At the first quarter turn, a prominently watermarked print of a grinning man reads “DON’T PROTECT ME FROM WHAT I WANT” – if this is a reference to Jenny Holzer’s maxim “Protect me from what I want” does Antonio not want protection from the oppressive power structures of late capitalism? Holzer demands more than her world can provide, Antonio speaks to sabotage.This print is held in place by mounds of sand as are other works, including the aforementioned terrarium. Is the snake’s enclosure, heated by a car battery, an allegory for using capitalistic mechanisms against themselves in order to dismantle hegemony? We are uncertain, overt didactical critique is not the premise of this show. Rather, signifiers asynchronously commingle in this landscape of futurity; the installation does so with objects, the novel with words.

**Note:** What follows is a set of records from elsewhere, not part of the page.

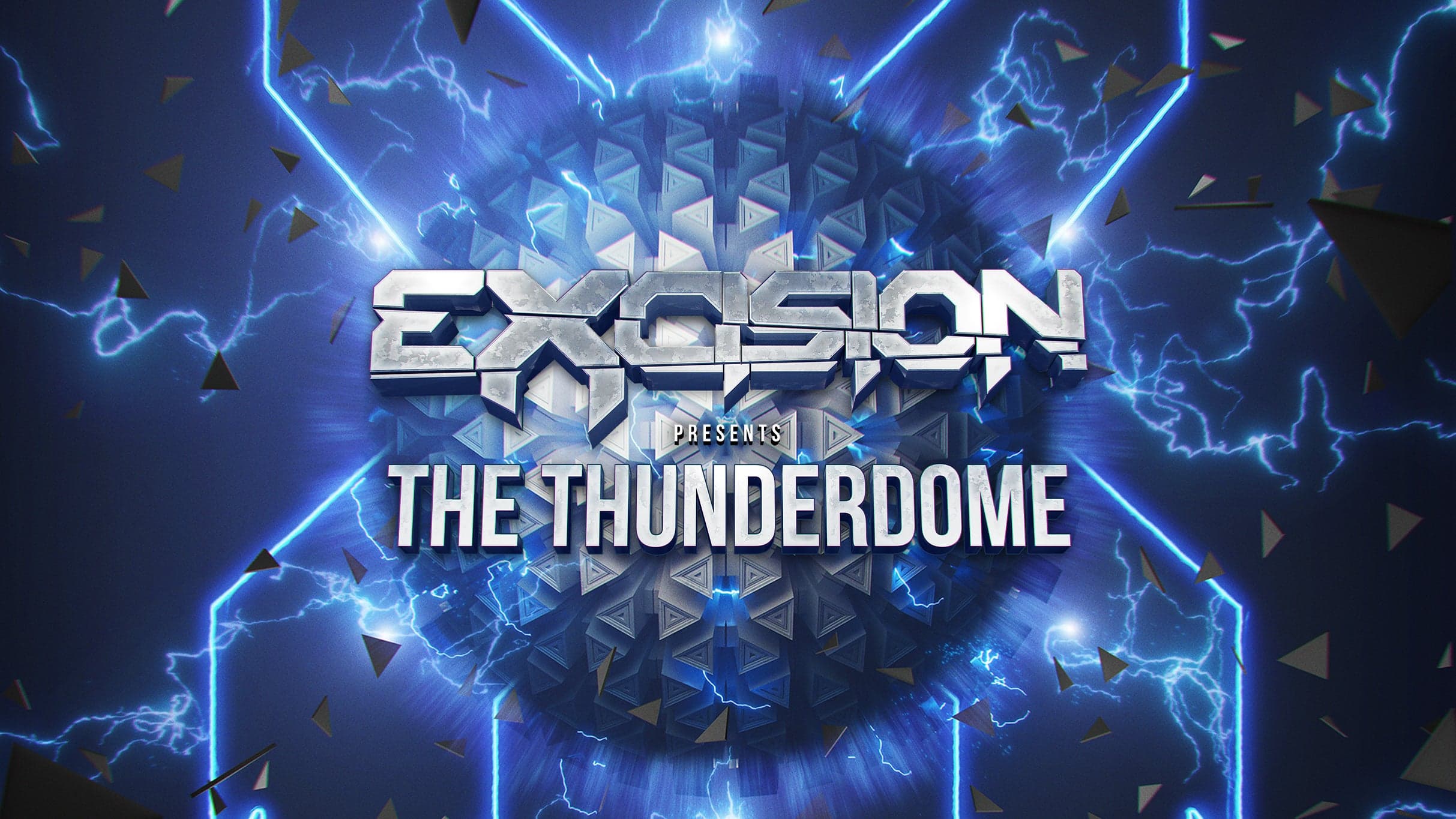 Excision Presents Thunderdome event image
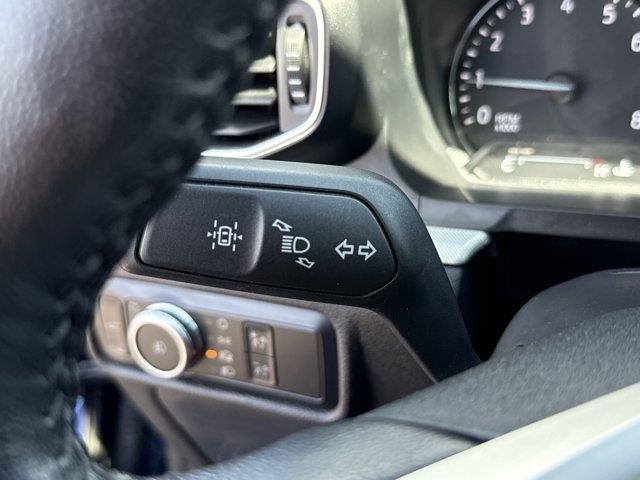 used 2022 Ford Explorer car, priced at $34,868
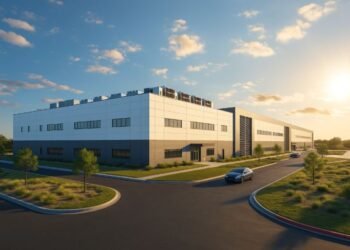 Texas (and Nation) In Midst of A Massive Data Center Boom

At the second quarter turn, a black and white print entitled A Real Pride shows a darkened image of a man auditing a James Baldwin lecture. An amorphous figure resembling a country’s border has been traced over part of the face – we wondered if it was the shape of Angola, Antonio`s motherland, it is not. The print is attached to an unfolded Samsung TV box with painter’s tape and secured using zip-ties to the fence.
At the third quarter turn, a TV is held on its side by mounds of sand and a concrete plinth. Aaliyah’s “At Your Best” fills the air. Such a setup is typical for Antonio: several appropriated clips playing simultaneously, at least one related to sexuality, another dealing with symptomatic behavior. Three videos are juxtaposed: a night-vision overhead view of Antonio priming a canvas, Stefan Burnett of Death Grips devouring flowers, and a compilation of “B.B.C.” masturbation.
No man is an island, images are never alone nor stable in this artist’s world. Paintings lean against one another, prints and sculptures are held up either by the sand, the chain-link fence, or tape and zip-ties. Large concrete sculptures seem at once sturdy and teetering. A snake terrarium, in which survival and flourishing are precarious realities, is heated by unpredictable electrical currents. The installation seems to indicate that Antonio’s world is a world in becoming. His home is built on the sand, not on the rock. It is fragile, rife with possibility and situated atop an unstable foundation of sediment in perpetual flux with the movement of time and history. As Le Guin’s unswerving prose indicates, it is of vital importance to intently embody the past and the future in the present moment – only then can space be reclaimed.